If you could only salvage 5 minutes of classical music for playing after being shipwrecked on a Desert Island, what would you choose. This a much restricted version of Desert Island Discs where you are allowed 8 records. Thankfully, none of us will ever have to put up with this. 

My choice would be the slow third section of Barber's First Symphony. For me this music concentrates so much into a small space.


----------



## jhar26 (Jul 6, 2008)

If I could only have five minutes I'd rather have nothing because it would be too frustrating. But I don't want to be a bad sport, so I'd say maybe the trio from _Der Rosenkavalier_.


----------



## opus67 (Jan 30, 2007)

Likely a prelude-and-fugue pair by Bach. Which one? That I'm yet to decide.


----------



## Music lover (Jan 27, 2009)

Bach's Brandenburg Concertos.

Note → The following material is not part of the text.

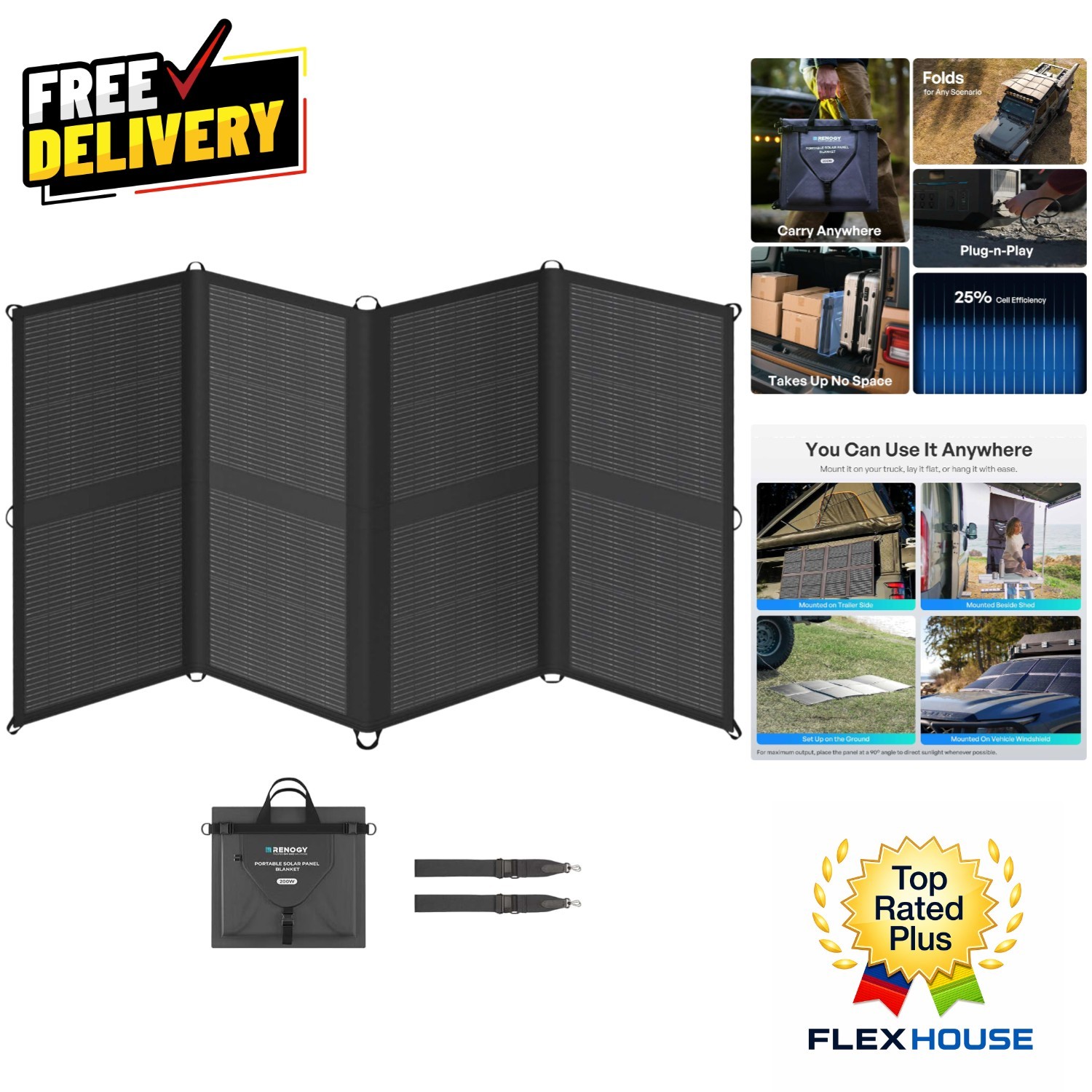 Ultra-Lightweight 200W Solar Blanket – Perfect for SUVs, campers & adventures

Because every time I hear them I hear something new. They would keep me going for at least a week. Then what would I do without my musical friends?


----------



## Weston (Jul 11, 2008)

I would have to keep the "climax" of Ralph Vaughan-Williams _Fantasia on a Theme by Thomas Tallis_ and as much leading up to as I can fit. For me the climax is when the entire string orchestra and the quartets unite toward the end, playing the theme in unison in some of the most soaring sonorities one can imagine.


----------